高压缩比且快速读取的只读文件系统
DwarFS是一款专注于实现高压缩比的只读文件系统,尤其适合处理冗余数据。该系统在保持高速读取的同时,提供了优于SquashFS等压缩文件系统的压缩效果。DwarFS的特色功能包括文件相似度聚类、跨块分段分析和文件分类框架,可充分利用多核系统资源。支持Linux和Windows平台,适用于需要高压缩率和快速访问的应用场景。
The Deduplicating Warp-speed Advanced Read-only File System.
A fast high compression read-only file system for Linux and Windows.


DwarFS is a read-only file system with a focus on achieving very high compression ratios in particular for very redundant data.
This probably doesn't sound very exciting, because if it's redundant, it should compress well. However, I found that other read-only, compressed file systems don't do a very good job at making use of this redundancy. See here for a comparison with other compressed file systems.
DwarFS also doesn't compromise on speed and for my use cases I've found it to be on par with or perform better than SquashFS. For my primary use case, DwarFS compression is an order of magnitude better than SquashFS compression, it's 6 times faster to build the file system, it's typically faster to access files on DwarFS and it uses less CPU resources.
To give you an idea of what DwarFS is capable of, here's a quick comparison of DwarFS and SquashFS on a set of video files with a total size of 39 GiB. The twist is that each unique video file has two sibling files with a different set of audio streams (this is an actual use case).
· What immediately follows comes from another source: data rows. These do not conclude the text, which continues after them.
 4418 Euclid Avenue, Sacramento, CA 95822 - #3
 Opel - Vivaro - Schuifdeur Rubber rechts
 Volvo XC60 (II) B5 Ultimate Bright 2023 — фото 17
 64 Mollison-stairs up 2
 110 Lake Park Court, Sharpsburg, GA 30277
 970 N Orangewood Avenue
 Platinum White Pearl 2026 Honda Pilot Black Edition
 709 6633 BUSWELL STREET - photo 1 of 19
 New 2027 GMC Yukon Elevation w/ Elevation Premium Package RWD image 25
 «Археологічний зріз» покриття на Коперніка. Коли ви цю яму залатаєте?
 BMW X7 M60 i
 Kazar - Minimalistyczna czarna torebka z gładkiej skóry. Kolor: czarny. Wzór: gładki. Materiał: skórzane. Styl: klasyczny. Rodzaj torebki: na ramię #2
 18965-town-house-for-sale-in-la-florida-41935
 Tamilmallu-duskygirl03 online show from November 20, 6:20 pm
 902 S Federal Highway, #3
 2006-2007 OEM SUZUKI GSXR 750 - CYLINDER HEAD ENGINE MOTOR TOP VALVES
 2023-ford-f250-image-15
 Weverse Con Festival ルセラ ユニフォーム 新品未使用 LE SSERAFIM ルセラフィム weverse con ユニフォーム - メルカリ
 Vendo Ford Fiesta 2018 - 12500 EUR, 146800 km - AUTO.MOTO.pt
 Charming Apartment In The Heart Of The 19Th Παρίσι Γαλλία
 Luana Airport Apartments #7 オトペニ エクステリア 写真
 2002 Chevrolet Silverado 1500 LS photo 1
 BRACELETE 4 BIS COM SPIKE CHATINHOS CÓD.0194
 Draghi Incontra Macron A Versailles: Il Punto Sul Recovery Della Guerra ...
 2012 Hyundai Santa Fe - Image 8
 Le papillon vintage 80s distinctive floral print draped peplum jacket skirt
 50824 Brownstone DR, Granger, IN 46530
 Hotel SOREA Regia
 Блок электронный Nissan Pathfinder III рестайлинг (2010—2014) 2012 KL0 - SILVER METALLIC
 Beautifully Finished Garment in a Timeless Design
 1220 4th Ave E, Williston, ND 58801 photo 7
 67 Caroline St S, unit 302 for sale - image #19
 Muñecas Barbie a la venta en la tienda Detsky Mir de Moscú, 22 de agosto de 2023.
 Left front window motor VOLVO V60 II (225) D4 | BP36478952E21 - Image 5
So there's redundancy in both the video and audio data, but as the streams are interleaved and identical blocks are typically very far apart, it's challenging to make use of that redundancy for compression. SquashFS essentially fails to compress the source data at all, whereas DwarFS is able to reduce the size by almost a factor of 3, which is close to the theoretical maximum:
$ du -hs dwarfs-video-test
39G dwarfs-video-test
$ ls -lh dwarfs-video-test.*fs
-rw-r--r-- 1 mhx users 14G Jul 2 13:01 dwarfs-video-test.dwarfs
-rw-r--r-- 1 mhx users 39G Jul 12 09:41 dwarfs-video-test.squashfs
Furthermore, when mounting the SquashFS image and performing a random-read
throughput test using fio-3.34, both
squashfuse and squashfuse_ll top out at around 230 MiB/s:
$ fio --readonly --rw=randread --name=randread --bs=64k --direct=1 \
--opendir=mnt --numjobs=4 --ioengine=libaio --iodepth=32 \
--group_reporting --runtime=60 --time_based
[...]
READ: bw=230MiB/s (241MB/s), 230MiB/s-230MiB/s (241MB/s-241MB/s), io=13.5GiB (14.5GB), run=60004-60004msec
In comparison, DwarFS manages to sustain random read rates of 20 GiB/s:
READ: bw=20.2GiB/s (21.7GB/s), 20.2GiB/s-20.2GiB/s (21.7GB/s-21.7GB/s), io=1212GiB (1301GB), run=60001-60001msec
Distinct features of DwarFS are:
Clustering of files by similarity using a similarity hash function. This makes it easier to exploit the redundancy across file boundaries.
Segmentation analysis across file system blocks in order to reduce the size of the uncompressed file system. This saves memory when using the compressed file system and thus potentially allows for higher cache hit rates as more data can be kept in the cache.
Categorization framework to categorize files or even fragments of files and then process individual categories differently. For example, this allows you to not waste time trying to compress incompressible files or to compress PCM audio data using FLAC compression.
Highly multi-threaded implementation. Both the file system creation tool as well as the FUSE driver are able to make good use of the many cores of your system.
I started working on DwarFS in 2013 and my main use case and major motivation was that I had several hundred different versions of Perl that were taking up something around 30 gigabytes of disk space, and I was unwilling to spend more than 10% of my hard drive keeping them around for when I happened to need them.
Up until then, I had been using Cromfs for squeezing them into a manageable size. However, I was getting more and more annoyed by the time it took to build the filesystem image and, to make things worse, more often than not it was crashing after about an hour or so.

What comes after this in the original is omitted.